_What to do_: Would you reproduce exactly the lines below from the one holding "Oral B Pro-Health Stages Oral-B Power Brush" through the one holding "会员745012666的照片", inclusive, and no others?
[Opening Given records section]
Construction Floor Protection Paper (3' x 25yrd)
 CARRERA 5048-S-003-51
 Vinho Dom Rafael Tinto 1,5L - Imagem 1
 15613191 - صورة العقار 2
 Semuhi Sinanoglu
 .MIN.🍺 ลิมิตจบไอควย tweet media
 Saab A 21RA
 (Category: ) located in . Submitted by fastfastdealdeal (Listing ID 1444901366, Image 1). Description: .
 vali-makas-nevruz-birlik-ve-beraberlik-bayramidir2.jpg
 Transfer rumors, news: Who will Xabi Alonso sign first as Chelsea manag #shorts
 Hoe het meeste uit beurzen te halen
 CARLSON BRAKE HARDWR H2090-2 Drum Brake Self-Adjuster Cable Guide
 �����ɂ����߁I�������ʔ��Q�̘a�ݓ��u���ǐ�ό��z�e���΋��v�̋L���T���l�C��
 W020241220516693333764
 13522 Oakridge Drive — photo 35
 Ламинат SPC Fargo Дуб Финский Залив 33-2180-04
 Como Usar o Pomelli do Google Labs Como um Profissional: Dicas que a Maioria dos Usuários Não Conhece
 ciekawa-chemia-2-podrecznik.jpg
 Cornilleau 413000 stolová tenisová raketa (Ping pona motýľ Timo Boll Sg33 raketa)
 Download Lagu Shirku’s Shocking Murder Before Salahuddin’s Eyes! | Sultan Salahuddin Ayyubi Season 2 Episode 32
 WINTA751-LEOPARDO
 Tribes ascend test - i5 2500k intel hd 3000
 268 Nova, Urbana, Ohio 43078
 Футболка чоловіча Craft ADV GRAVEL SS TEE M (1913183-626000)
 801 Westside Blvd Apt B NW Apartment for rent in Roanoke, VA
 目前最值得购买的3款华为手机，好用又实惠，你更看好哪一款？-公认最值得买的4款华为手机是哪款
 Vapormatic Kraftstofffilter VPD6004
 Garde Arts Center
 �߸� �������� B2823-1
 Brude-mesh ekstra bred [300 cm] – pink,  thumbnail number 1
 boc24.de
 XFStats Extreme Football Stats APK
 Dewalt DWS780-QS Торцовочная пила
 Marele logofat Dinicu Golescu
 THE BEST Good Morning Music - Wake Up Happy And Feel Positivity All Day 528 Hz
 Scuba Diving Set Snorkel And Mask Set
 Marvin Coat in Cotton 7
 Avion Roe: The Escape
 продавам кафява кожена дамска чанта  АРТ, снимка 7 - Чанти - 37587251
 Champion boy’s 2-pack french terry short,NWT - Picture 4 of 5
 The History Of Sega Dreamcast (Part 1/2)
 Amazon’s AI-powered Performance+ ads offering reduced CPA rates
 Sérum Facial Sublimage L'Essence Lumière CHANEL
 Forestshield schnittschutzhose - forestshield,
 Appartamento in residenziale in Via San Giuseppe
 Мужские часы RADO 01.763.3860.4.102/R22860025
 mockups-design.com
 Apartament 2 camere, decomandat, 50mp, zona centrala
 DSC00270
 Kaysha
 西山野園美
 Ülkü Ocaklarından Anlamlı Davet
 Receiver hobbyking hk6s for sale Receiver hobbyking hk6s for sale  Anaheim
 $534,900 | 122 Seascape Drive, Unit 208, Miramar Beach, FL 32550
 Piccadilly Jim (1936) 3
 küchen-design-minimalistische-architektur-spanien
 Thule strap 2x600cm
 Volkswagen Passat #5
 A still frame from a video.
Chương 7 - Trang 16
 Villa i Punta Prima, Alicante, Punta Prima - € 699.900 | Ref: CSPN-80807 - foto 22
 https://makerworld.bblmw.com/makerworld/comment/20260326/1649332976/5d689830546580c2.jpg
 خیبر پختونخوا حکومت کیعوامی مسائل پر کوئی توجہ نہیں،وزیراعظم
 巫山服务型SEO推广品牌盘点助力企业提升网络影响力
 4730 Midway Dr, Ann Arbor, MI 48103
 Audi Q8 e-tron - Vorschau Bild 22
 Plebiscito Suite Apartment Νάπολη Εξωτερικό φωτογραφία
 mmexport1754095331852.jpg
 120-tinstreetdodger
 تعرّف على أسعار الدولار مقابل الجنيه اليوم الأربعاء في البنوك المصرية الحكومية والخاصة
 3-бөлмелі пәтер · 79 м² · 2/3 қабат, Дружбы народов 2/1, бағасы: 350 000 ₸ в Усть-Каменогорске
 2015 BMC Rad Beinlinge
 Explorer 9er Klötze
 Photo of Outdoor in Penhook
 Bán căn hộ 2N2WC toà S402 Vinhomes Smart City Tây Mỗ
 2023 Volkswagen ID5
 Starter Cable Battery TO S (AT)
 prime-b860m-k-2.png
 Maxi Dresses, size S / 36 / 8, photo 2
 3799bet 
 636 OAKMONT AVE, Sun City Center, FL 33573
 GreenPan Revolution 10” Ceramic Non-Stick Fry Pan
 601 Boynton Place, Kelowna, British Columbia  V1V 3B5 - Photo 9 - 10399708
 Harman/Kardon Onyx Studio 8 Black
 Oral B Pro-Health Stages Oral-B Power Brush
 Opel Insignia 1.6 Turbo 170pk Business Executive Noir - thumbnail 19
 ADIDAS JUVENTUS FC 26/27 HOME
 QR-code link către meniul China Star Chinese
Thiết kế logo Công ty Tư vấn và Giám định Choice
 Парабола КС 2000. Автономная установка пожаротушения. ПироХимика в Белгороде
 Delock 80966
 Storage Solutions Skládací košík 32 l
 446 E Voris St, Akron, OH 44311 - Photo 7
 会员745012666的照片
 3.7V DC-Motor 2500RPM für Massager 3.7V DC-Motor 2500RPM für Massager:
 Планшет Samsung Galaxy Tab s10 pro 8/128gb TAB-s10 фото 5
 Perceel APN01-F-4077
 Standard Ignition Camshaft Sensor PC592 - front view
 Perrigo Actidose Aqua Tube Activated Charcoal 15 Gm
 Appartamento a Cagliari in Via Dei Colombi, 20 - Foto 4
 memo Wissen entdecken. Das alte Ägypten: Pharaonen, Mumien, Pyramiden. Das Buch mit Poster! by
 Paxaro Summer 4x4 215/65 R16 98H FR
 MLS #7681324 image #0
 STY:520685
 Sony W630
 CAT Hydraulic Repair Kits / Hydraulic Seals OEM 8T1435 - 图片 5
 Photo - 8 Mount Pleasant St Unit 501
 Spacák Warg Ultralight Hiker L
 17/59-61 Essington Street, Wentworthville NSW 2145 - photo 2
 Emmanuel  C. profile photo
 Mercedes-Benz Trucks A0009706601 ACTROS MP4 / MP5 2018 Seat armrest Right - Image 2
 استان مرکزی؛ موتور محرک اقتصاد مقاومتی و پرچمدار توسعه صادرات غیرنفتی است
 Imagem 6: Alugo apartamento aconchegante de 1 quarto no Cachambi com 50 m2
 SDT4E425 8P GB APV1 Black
[Closing Given records section]
_Answer to the exercise_:
 Oral B Pro-Health Stages Oral-B Power Brush
 Opel Insignia 1.6 Turbo 170pk Business Executive Noir - thumbnail 19
 ADIDAS JUVENTUS FC 26/27 HOME
 QR-code link către meniul China Star Chinese
Thiết kế logo Công ty Tư vấn và Giám định Choice
 Парабола КС 2000. Автономная установка пожаротушения. ПироХимика в Белгороде
 Delock 80966
 Storage Solutions Skládací košík 32 l
 446 E Voris St, Akron, OH 44311 - Photo 7
 会员745012666的照片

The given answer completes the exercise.